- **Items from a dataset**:
—————
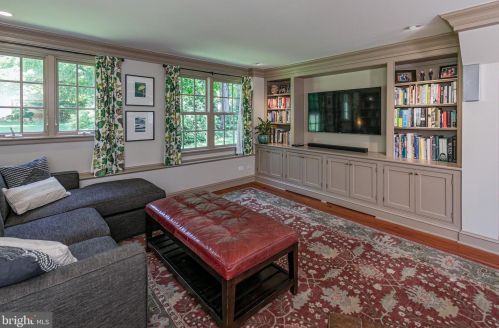 19 Greenhouse Dr, Princeton NJ  08540-4801 exterior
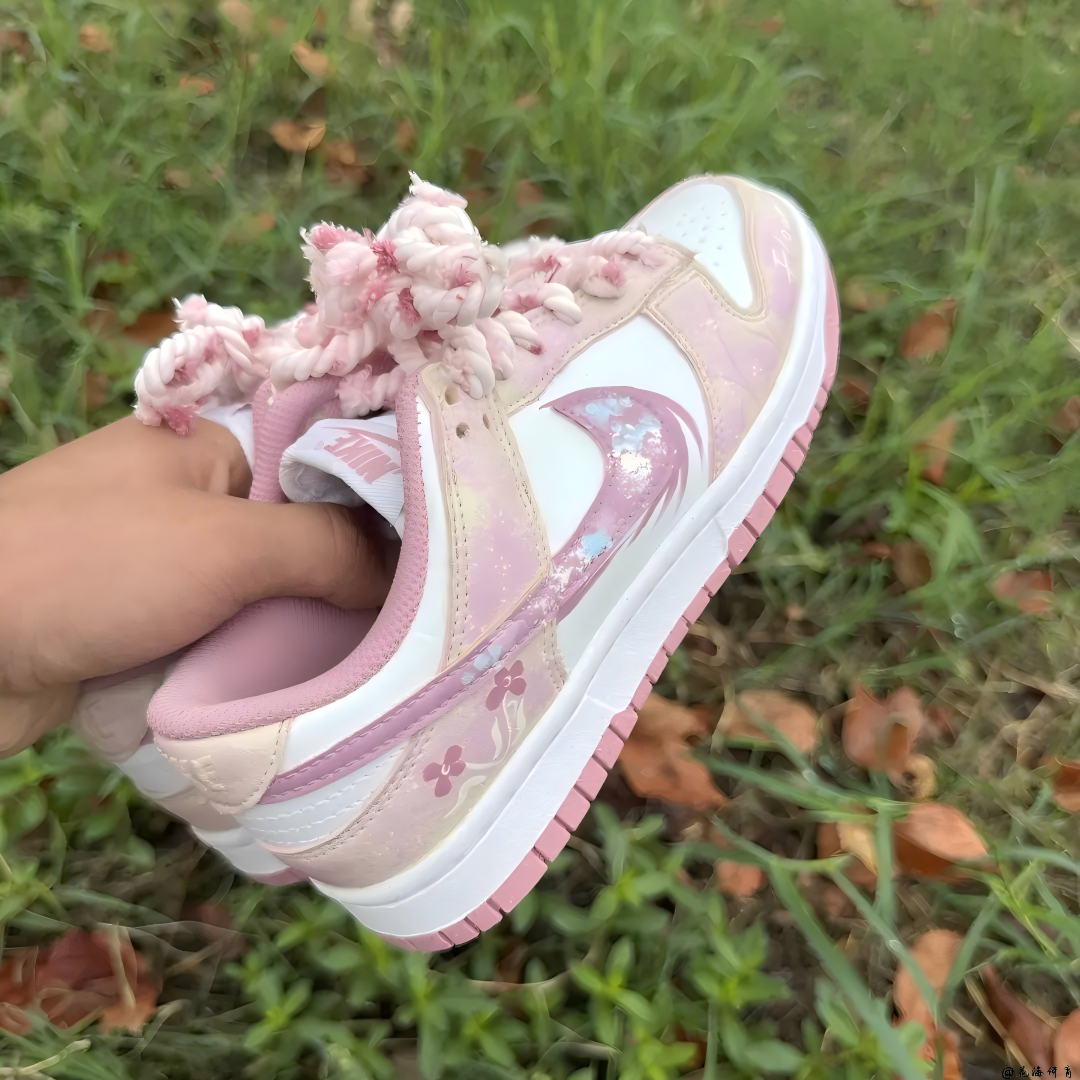 Nike球鞋定制粉漾花海低帮女板鞋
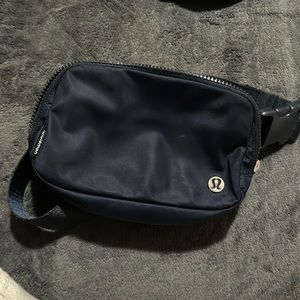 Navy blue lululemon belt bag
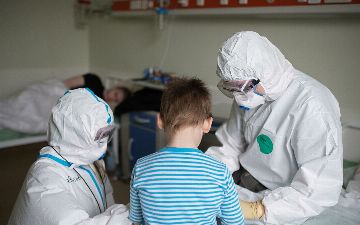 Стало ясно, сколько детей от 12 до 18 лет получили вакцину от коронавируса в Узбекистане — статистика
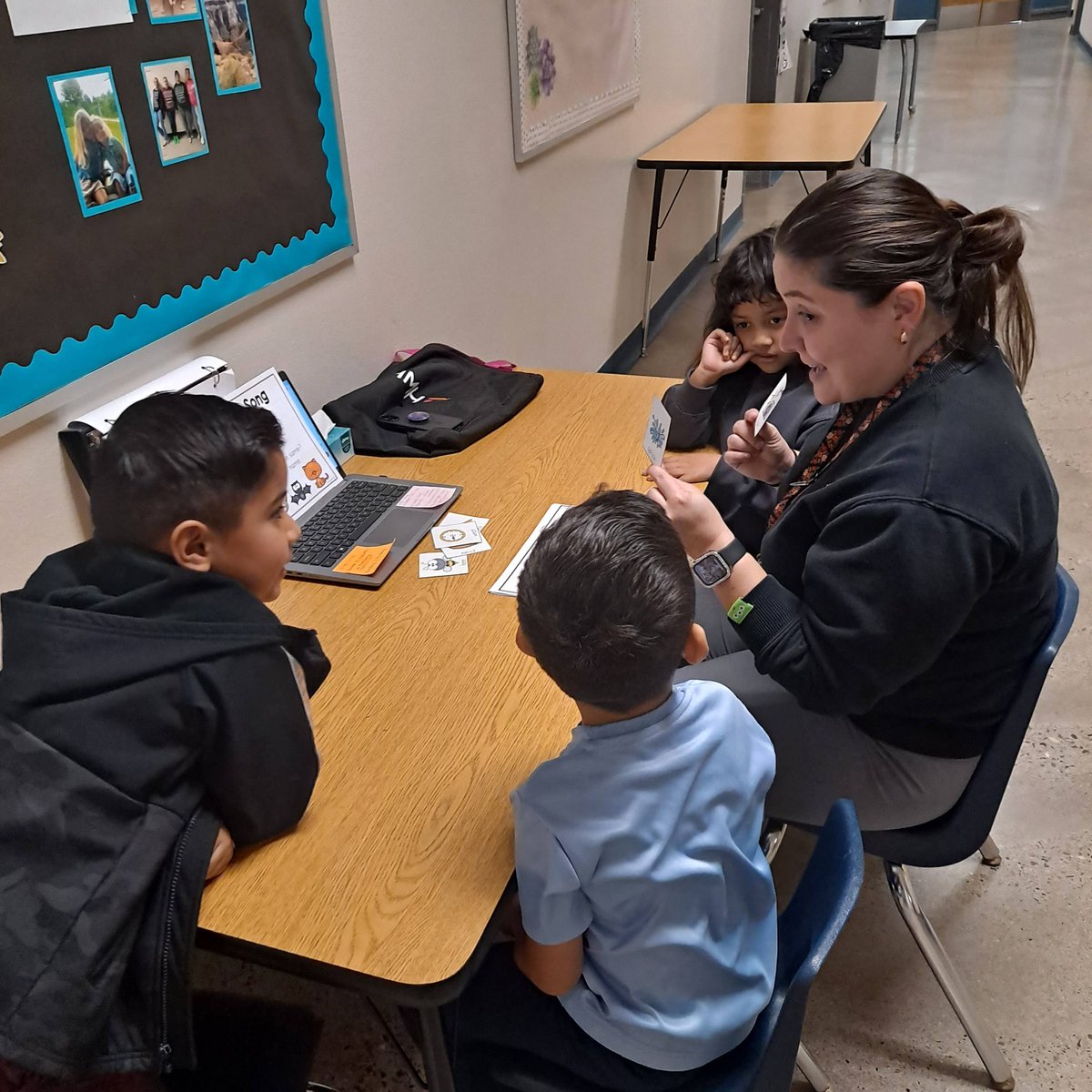 Learning doesn't live inside a classroom...it happens in hallways, small groups, and every space in between. When students meet in flexible settings, they get exactly what they need, right when they need it! #uknighted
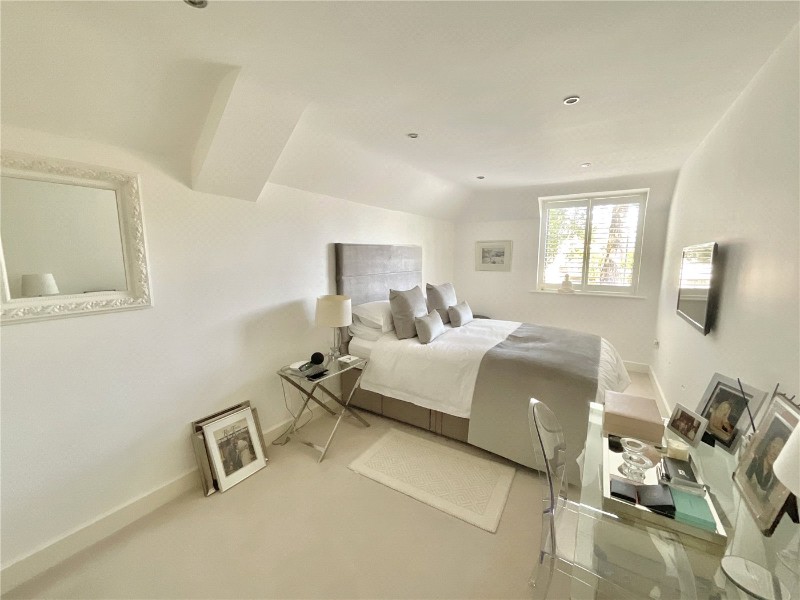 Seascape, 27 Wharncliffe Road, Highcliffe, Dorset, BH23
—————
- **Task to carry out**: Without any pictures, reproduce exactly the lines from the line that contains "Стало ясно, сколько" to the end of the entries above, both ends included.

- **Answer space**:
 Стало ясно, сколько детей от 12 до 18 лет получили вакцину от коронавируса в Узбекистане — статистика
 Learning doesn't live inside a classroom...it happens in hallways, small groups, and every space in between. When students meet in flexible settings, they get exactly what they need, right when they need it! #uknighted
 Seascape, 27 Wharncliffe Road, Highcliffe, Dorset, BH23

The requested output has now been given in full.